Yazar Nebahat Arslan, Radyo Sputnik'e verdiği demecinde, ilgisinin sebebi, kitap üzerine çalıştığı sürede hangi kaynaklardan yararlandığı ve savaşın Türk-Rus ilişkilerini nasıl etkilediğini anlattı:
“Bu konuyu doktora tezi olarak çalıştım. Tez danışmanım da Rusya’daki Türk esirler üzerine çalışmıştı. Bu konuda 5 sene çalıştım ve çok zevk aldım; çok güzel bir konu. Rus askerlerinin yarısı, savaş alanında gönüllü olarak Türk ordusuna esir oluyor. Birinci Dünya Savaşı'nda Kafkas cephesinde, hem Bolşevik devriminin gerçekleşmesi, hem de salgın hastalıklardan dolayı, Rus ordusunda bir çözülme var. Türk ordusunda da var aynı şekilde. Rus esirler için birçok talimatname hazırlıyoruz. Önce karantinaya alınıyor bu askerler; salgın hastalık gibi bir tehlike var mı diye… Onları belli esir merkezlerinde topluyoruz: Erzurum ve Sivas gibi. Daha sonra onları, esir kamplarına gönderiyoruz. Subaylar, üst düzey askerler ayrı ayrı gönderiliyor. Türkiye’de kaldıkları 4 yıl sürede, Kızılhaç ve Kızılay’ın onlara yardım ettiğini, mektup ve paralarının, Rusya, Cenevre ve İstanbul bağlantılı olarak yapıldığını biliyoruz. 4 yıl sonra da Rusya ile yaptığımız anlaşmaya göre, savaş sonunda esirleri teslim ettik. Yaptığım incelemelere göre, Türkiye’de 26 bin civarında Rus esir vardı.

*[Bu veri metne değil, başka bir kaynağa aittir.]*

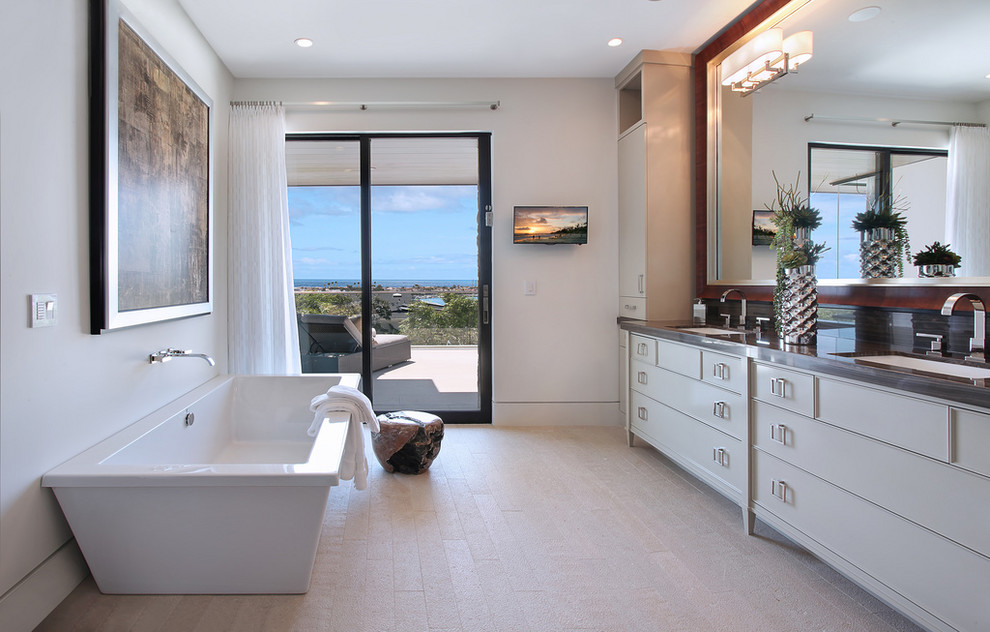 Trendy freestanding bathtub photo in Orange County with an undermount sink, white cabinets and recessed-panel cabinets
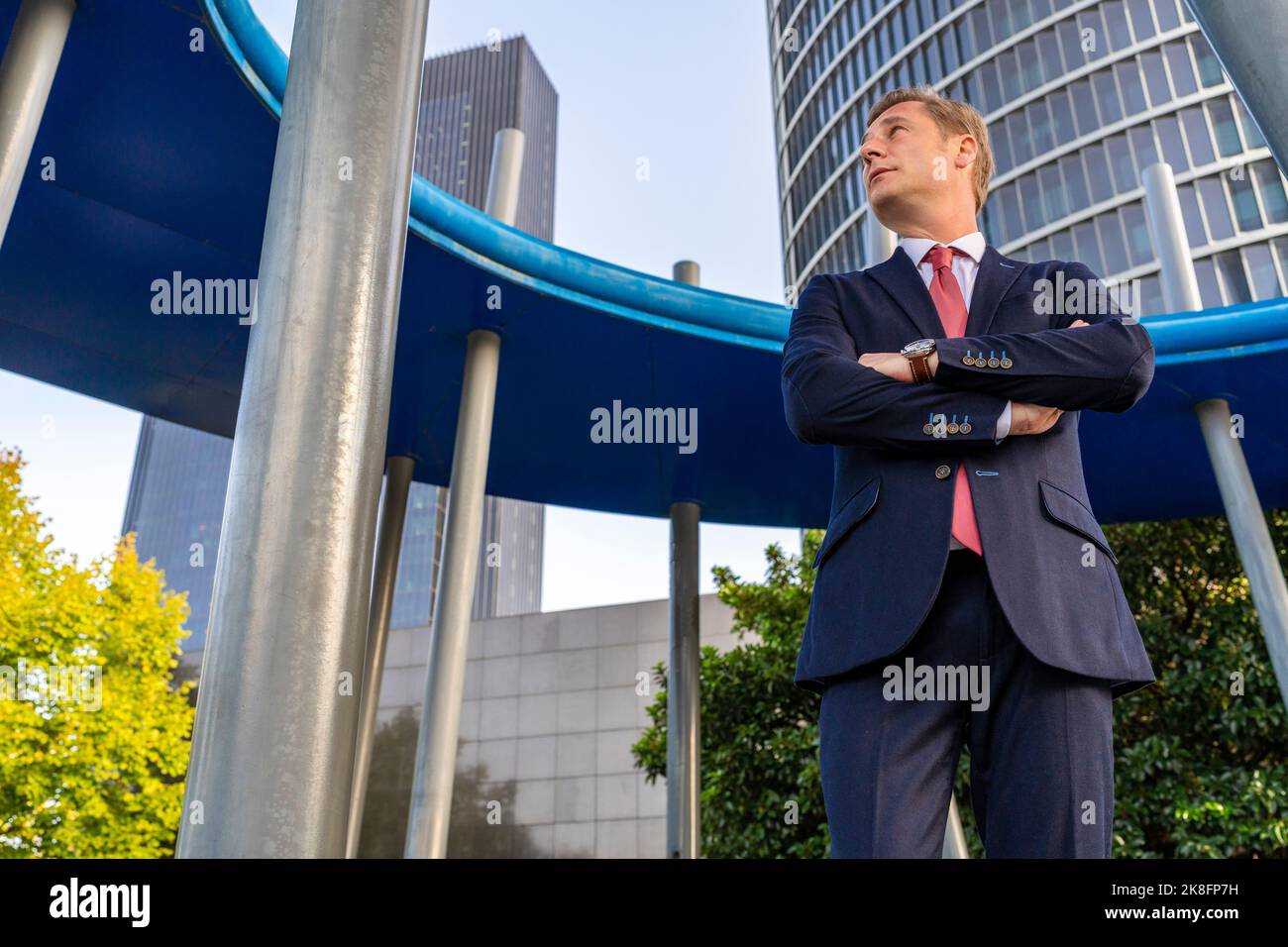 Mature businessman with arms crossed in front of office building Stock ...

Kaynak olarak, Türkiye’deki arşivleri kullandım. Başbakanlık Osmanlı arşivi, Kızılay ve Genelkurmay Başkanlığı'nın arşivini de kullandım. Ayrıca yazılmış hatıratlar var; o anıları, Türkiye’de çıkan gazeteleri kullandım. Zannediyorum Sankt Petersburg’daki arşivde de faydalı kaynaklar varmış ama onlardan fazla yararlanamadım. Kitabımın Rusça'ya çevirilip yayınlanmasını çok isterim. Bir de Rusça evraklarını ele alarak, bu çalışmaya devam etmeyi isterim.
Tabii ki Rusya ve Türkiye, çarpışan iki ülkeydi ama esirler konusunda durum farklı. Bir Türk subay, Ruslara esir düşüyor. Türk askerleri bir köyden geçerken, bir Rus anne, onlara ekmek ve su uzatıyor. Diğer köylüler, 'sen niye esirlere iyi davranıyorsun?' diye soruyor. O da diyor ki; Benim oğlum Türkiye’de şu anda esir ve bana yazdığı mektupta, Türkiye’deki görevlilerin çok iyi davrandığını yazıyor. Ben de o nedenle Türk esirlere ekmek ve su veriyorum. Yani anneler, Rus da olsa, Türk da olsa, annedir. Esirler, Türk da olsa, Rus da olsa, esirdir. O ilişki çok güzel… O yüzden savaş, halklar arasında değil, devletler arasında oluyor. Halklar kesinlikle düşman değil, onlar dost. Askerler esir olduktan sonra bize emanet, yani onlara bütün imkanları kullanarak çok iyi davranıyoruz. Rus esirlerinin annelerine yazmış olduğu güzel mektuplarda bunu görebiliriz. Mesela, ‘anneciğim ben hastanede yatıyorum, bana iyi davranıyorlar, sıcak çorba, sigara veriyorlar’ diye yazıyorlar… Onun için ben, Türk-Rus ilişkilerine, esirlerin de önemli katkıda bulunduğunu düşünüyorum. Rus esirler muhtemelen, gittikten sonra da Türkleri çok iyi anlattılar. Türk-Rus ilişkileri ve birbirimizi tanımamız açısından savaş tabii kötü bir şey ama neticesi de bazen iyi olabiliyor”.